THE TASK:
Search the records for lines with the word "blue" and copy each match.

DATA FOR REVIEW:
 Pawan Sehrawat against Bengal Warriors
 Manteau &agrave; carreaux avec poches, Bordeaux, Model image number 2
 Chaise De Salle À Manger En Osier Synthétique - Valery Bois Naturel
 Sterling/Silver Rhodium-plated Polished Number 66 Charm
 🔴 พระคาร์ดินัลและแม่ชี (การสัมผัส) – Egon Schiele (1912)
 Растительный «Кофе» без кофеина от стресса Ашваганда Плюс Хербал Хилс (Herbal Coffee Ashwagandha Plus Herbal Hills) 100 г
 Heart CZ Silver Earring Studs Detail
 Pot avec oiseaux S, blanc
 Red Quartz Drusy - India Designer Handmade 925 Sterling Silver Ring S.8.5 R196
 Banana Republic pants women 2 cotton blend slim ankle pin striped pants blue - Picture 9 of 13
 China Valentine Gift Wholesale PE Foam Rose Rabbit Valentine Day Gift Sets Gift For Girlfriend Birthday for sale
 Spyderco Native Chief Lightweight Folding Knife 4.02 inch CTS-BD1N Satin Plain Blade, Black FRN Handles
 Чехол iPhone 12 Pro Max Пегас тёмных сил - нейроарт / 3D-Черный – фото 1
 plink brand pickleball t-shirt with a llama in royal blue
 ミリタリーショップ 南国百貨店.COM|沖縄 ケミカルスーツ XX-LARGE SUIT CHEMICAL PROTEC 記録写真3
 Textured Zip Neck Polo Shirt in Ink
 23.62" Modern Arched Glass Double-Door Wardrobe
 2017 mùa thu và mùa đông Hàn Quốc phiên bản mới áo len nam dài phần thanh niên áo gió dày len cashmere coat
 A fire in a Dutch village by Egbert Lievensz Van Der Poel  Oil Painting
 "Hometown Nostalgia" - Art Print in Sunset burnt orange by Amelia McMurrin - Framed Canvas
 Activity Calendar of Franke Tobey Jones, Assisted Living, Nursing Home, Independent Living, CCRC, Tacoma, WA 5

SOLUTION FOR THIS PROBLEM:
 Banana Republic pants women 2 cotton blend slim ankle pin striped pants blue - Picture 9 of 13
 plink brand pickleball t-shirt with a llama in royal blue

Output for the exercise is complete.